Они с бродягой устроились вольготно, поскольку остальные теснились в противоположном углу.
– Ты сам не понимаешь своего счастья, – сказал Олэн клошару.
Тот хмыкнул. Быть может, как раз очень хорошо понимал.
В ту ночь Олэн мгновенно уснул и видел во сне, будто его, заблошивевшего, выгнали из тюрьмы, а Бенедит с хохотом сыплет на него ДДТ.
На свободе люди живут благодаря той роли, которую они играют в обществе: столяр, аптекарь, цветочница, министр, ростовщик…

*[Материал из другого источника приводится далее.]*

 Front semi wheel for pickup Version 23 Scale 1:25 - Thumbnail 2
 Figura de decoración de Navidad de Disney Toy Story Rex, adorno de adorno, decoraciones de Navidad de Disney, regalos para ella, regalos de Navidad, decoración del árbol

В тюрьме их различают по нарушениям или «делу такому-то» (если история нашумела): те, кто совершил преступление в состоянии аффекта (когда спутника жизни приканчивают от большой любви); покусившиеся на добродетель (извращенцы, насильники и т. д.); наемные убийцы (самураи среди бандитов); громилы; сутенеры; разнообразные воры (велосипедов, машин, карманники, домушники, магазинные и т. д.); мошенники… Медицину представляют торговцы наркотиками и аборт-мастера.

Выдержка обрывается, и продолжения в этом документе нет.